Let me tell you, it is godsdamn boring being a seal. Oh, all right, technically I’m not a seal, I’m a selkie. But really, once you’re in the water, there isn’t a big difference between selkies and seals.
We don’t have movies, there aren’t any milkshakes, it’s hard to use a computer when you live in and around the water. It goes without saying that we don’t have anything like Grindr or Manhunt. It’s full of fish. And seaweed. And males fighting each other for harems. And honestly, I’m not remotely interested in fighting to fuck anyone, even if I wasn’t as queer as a three dollar bill. Also, seaweed makes for shit decoration. And I hate fish.
Yeah, you heard me. I’m a selkie, and I hate fish. Give me a big greasy hamburger and waffle fries smothered in cheese any day of the week. And if you really want to make me happy, a extremely thick milkshake that you have to eat off a spoon — preferably chocolate, but I’ve developed a fondness for the banana smoothies sold from a little stand on the beach.

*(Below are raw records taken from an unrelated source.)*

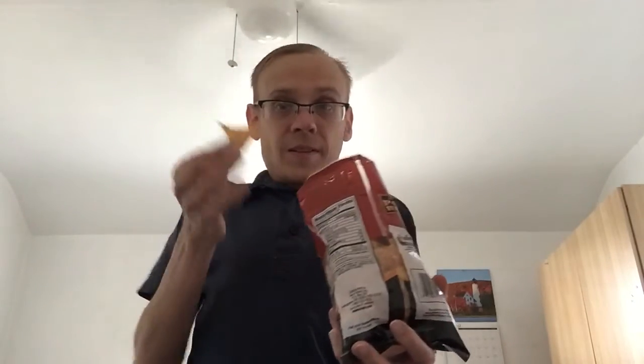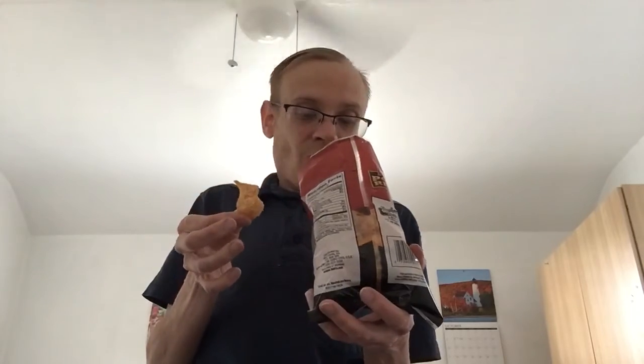They remind me of those chicken skins. The barbecue powder is pretty good. I guess they're good, but for me, I don't think I'm gonna be getting pork rinds again — something doesn't really blend right for me with these.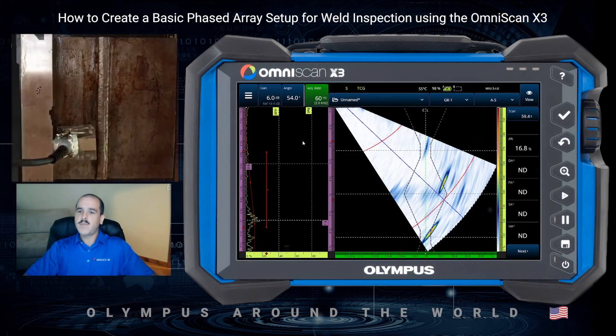So that's it for a basic phased array weld inspection setup — single-sided, non-encoded. If you have any questions, feel free to drop them in the comments below, and stay tuned for more videos in the Olympus Around the World series. Thank you.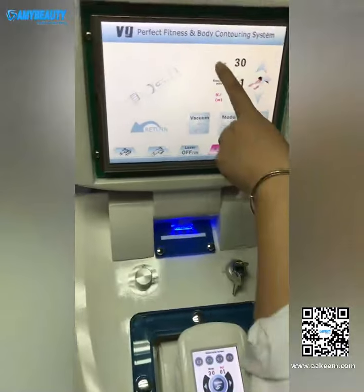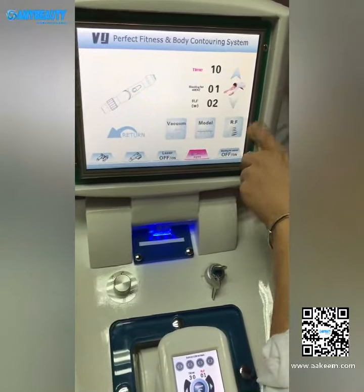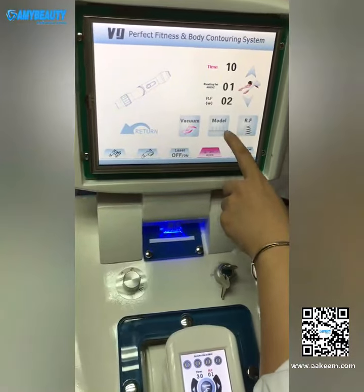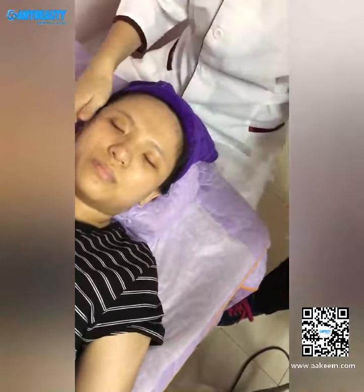For the eyes, we start from 2, and the time we usually set to 10 to 15 minutes. Open the vacuum — the mold we're usually using this one — and open the RF. Then you need to put some oil around the eyes.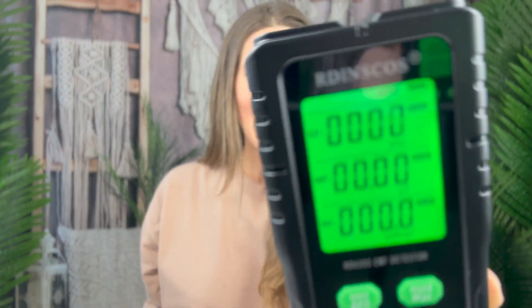It actually comes with the battery so I just popped that in. You're going to get your directions and a little carry case if you want that. It's next to my phone right now.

Even though that fondness stems from tasting the smoothie on the lips of the guy who works there in the mornings. He’d take one to go after every shift and we’d share it, trading sips, kissing and licking tastes from each others’ mouths. We didn’t bother exchanging names, only small talk. More often than not, this was a prelude to slipping into the alley for a handjob or a quick frot up against the wall. Sometimes he’d go down on me – his mouth still cold – and suck me until I came over his tongue. I always dragged him up for another taste, salty and slightly bitter now, but I thought it was perfect.
Sometimes we’d part ways without another word, but when I had money, I could always coax him into getting a hamburger or to catch a movie. Which would lead to another quickie in the bathroom of the theater before he went off to wherever it was he lived, and I went back to the sea.